When throwing a ball, a pitcher exerts a torque of 150 N m for 0.15 seconds onto their arm before letting go of the ball. With an arm length of 0.9 m with inertia 0.6 kg m2, what is the speed of the ball just after it is released?
Paige, check your 4-6-11,4:23pm post.
i sill don't get it?
To calculate the speed of the ball just after it is released, we can use the principle of conservation of angular momentum. The equation for angular momentum is given by:
L = Iω
where L is the angular momentum, I is the moment of inertia, and ω is the angular velocity.
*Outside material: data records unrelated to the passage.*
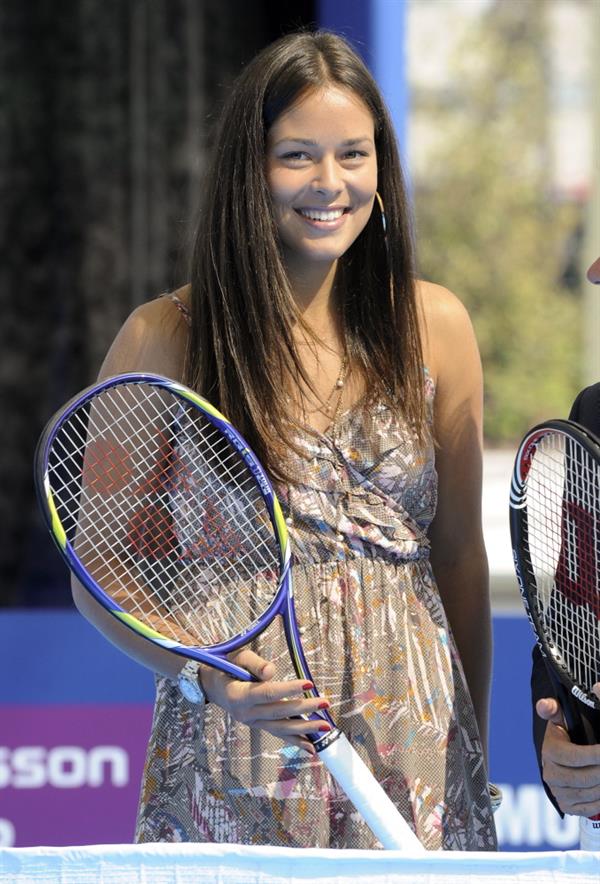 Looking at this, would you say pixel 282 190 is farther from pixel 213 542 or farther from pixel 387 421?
pixel 213 542

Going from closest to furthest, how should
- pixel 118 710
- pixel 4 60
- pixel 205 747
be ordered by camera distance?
pixel 205 747, pixel 118 710, pixel 4 60

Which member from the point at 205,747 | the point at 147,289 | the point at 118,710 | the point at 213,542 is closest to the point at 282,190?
the point at 213,542

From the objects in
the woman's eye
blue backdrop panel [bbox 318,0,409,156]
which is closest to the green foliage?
blue backdrop panel [bbox 318,0,409,156]

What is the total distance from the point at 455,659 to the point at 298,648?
333 millimetres

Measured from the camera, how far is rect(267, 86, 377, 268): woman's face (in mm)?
1892

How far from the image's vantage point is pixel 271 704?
5.41 feet

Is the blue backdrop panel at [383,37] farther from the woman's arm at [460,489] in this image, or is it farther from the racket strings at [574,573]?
the racket strings at [574,573]

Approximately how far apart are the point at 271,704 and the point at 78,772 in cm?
183

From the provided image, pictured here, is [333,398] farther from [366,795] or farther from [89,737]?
[89,737]

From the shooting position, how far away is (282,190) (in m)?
1.89

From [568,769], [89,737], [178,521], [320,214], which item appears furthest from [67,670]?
[568,769]

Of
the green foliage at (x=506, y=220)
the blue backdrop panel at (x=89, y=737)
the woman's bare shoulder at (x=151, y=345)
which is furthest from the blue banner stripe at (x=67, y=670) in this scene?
the green foliage at (x=506, y=220)

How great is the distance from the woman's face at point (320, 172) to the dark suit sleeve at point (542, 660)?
1.31 feet

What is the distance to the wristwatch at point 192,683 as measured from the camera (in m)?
1.74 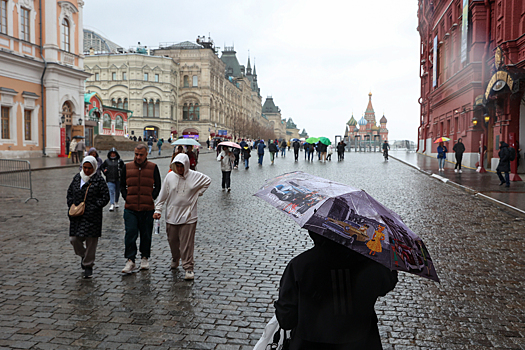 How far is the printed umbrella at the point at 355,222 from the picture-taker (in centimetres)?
239

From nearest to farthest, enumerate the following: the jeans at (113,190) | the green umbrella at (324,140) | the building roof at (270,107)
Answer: the jeans at (113,190)
the green umbrella at (324,140)
the building roof at (270,107)

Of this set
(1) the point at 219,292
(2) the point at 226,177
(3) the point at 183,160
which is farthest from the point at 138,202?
(2) the point at 226,177

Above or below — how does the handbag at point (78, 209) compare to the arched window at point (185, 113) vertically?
below

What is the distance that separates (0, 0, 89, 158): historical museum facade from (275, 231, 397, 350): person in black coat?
3161 cm

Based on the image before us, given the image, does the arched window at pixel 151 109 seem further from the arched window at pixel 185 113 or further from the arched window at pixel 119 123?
the arched window at pixel 119 123

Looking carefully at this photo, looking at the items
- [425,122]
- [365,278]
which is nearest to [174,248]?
[365,278]

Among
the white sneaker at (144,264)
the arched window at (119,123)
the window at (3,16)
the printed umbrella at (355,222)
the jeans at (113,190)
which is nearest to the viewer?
the printed umbrella at (355,222)

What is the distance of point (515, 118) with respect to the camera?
20.3 metres

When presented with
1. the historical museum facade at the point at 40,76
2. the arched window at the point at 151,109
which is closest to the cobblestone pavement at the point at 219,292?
the historical museum facade at the point at 40,76

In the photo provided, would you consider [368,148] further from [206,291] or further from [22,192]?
[206,291]

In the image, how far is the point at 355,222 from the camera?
246cm

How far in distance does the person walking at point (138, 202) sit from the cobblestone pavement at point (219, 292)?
33 centimetres

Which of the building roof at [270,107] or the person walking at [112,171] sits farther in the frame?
the building roof at [270,107]

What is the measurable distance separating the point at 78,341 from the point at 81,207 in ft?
6.92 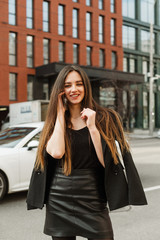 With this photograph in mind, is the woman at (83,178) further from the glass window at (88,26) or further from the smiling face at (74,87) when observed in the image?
the glass window at (88,26)

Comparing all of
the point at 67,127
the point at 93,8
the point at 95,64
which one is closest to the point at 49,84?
the point at 95,64

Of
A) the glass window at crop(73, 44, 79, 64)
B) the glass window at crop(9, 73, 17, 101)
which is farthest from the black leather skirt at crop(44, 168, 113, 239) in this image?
the glass window at crop(73, 44, 79, 64)

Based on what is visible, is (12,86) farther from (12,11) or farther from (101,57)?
(101,57)

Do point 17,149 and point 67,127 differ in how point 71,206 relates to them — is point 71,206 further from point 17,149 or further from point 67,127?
point 17,149

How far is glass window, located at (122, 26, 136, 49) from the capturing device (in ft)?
130

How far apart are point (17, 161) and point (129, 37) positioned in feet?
122

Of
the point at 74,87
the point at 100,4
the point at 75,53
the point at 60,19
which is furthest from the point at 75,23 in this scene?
the point at 74,87

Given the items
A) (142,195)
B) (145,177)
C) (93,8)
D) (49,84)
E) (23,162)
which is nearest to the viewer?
(142,195)

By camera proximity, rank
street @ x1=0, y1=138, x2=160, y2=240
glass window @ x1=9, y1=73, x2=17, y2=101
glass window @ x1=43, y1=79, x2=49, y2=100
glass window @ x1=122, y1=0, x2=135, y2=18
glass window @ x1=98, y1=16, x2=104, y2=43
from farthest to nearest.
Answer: glass window @ x1=122, y1=0, x2=135, y2=18
glass window @ x1=98, y1=16, x2=104, y2=43
glass window @ x1=43, y1=79, x2=49, y2=100
glass window @ x1=9, y1=73, x2=17, y2=101
street @ x1=0, y1=138, x2=160, y2=240

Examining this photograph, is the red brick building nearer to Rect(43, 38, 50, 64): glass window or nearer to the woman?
Rect(43, 38, 50, 64): glass window

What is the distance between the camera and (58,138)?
2.14 m

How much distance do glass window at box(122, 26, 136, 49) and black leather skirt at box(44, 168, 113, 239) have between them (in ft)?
128

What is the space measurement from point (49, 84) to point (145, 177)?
2516 cm

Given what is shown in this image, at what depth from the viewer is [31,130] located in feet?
20.6
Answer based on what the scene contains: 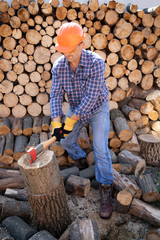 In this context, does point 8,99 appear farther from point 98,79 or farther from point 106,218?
point 106,218

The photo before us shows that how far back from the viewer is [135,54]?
3.74 metres

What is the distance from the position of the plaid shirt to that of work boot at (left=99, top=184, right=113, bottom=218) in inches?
36.8

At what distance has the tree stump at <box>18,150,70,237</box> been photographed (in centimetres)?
A: 188

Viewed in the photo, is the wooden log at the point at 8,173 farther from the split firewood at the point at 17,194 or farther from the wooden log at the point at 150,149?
the wooden log at the point at 150,149

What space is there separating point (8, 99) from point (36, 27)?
52.1 inches

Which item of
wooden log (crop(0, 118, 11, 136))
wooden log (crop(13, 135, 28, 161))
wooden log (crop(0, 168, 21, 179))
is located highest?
wooden log (crop(0, 118, 11, 136))

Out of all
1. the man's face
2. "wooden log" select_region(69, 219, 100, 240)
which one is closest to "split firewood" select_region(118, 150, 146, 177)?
"wooden log" select_region(69, 219, 100, 240)

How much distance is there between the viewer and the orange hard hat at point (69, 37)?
210 centimetres

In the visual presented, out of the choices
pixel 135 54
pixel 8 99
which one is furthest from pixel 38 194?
pixel 135 54

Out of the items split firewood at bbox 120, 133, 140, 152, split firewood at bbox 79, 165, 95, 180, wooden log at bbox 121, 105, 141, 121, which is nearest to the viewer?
split firewood at bbox 79, 165, 95, 180

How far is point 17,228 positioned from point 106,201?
1.09 meters

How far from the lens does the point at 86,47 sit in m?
3.55

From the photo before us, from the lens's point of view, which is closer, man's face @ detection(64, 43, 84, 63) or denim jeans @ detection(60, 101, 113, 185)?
man's face @ detection(64, 43, 84, 63)

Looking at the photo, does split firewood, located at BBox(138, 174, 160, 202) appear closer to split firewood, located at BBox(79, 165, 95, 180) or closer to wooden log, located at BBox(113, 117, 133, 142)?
split firewood, located at BBox(79, 165, 95, 180) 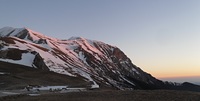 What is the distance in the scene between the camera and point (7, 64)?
11094cm

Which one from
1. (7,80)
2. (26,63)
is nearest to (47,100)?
(7,80)

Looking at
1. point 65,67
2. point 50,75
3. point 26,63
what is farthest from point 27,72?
point 65,67

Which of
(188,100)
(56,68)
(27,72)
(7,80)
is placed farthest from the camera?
(56,68)

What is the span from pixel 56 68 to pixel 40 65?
344 inches

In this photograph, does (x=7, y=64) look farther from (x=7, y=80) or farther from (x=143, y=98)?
(x=143, y=98)

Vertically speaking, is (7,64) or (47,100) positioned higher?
(7,64)

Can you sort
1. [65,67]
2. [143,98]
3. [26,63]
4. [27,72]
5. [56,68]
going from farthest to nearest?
[65,67]
[56,68]
[26,63]
[27,72]
[143,98]

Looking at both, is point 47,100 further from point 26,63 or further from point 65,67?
point 65,67

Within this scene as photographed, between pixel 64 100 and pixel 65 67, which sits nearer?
pixel 64 100

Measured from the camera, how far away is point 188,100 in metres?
28.9

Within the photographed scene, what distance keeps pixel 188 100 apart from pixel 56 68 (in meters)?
109

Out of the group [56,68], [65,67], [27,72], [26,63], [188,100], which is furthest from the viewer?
[65,67]

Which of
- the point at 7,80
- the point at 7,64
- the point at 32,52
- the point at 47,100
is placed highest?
the point at 32,52

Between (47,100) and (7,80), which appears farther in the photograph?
(7,80) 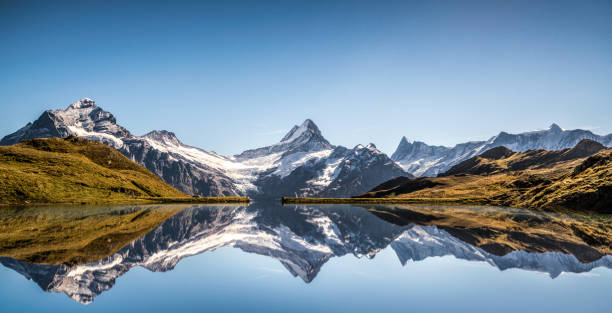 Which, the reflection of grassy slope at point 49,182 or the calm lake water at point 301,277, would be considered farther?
the reflection of grassy slope at point 49,182

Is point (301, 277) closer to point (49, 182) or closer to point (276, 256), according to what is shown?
point (276, 256)

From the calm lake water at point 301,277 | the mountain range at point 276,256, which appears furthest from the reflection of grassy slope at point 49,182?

In this case, the pitcher exerts a torque of 150 Nm for 0.15 seconds. Torque is defined as the product of force and distance, so we can calculate the angular impulse:
τ = ΔL = IΔω
Given that the torque is 150 Nm, the time is 0.15 seconds, and the moment of inertia is 0.6 kg m^2, we can solve for Δω:
150 Nm = 0.6 kg m^2 * Δω
Δω = 150 Nm / 0.6 kg m^2 = 250 rad/s
The initial angular velocity can be calculated by dividing the angular impulse by the moment of inertia:
ω_initial = Δω / I = 250 rad/s / 0.6 kg m^2 = 416.67 rad/s
Since we know that the distance from the axis of rotation to the center of mass of the arm is 0.9 m, we can find the linear velocity v of the ball just after it is released using the formula:
v = r * ω
where r is the distance and ω is the angular velocity.
v = 0.9 m * 416.67 rad/s = 375 m/s
Therefore, the speed of the ball just after it is released is approximately 375 m/s.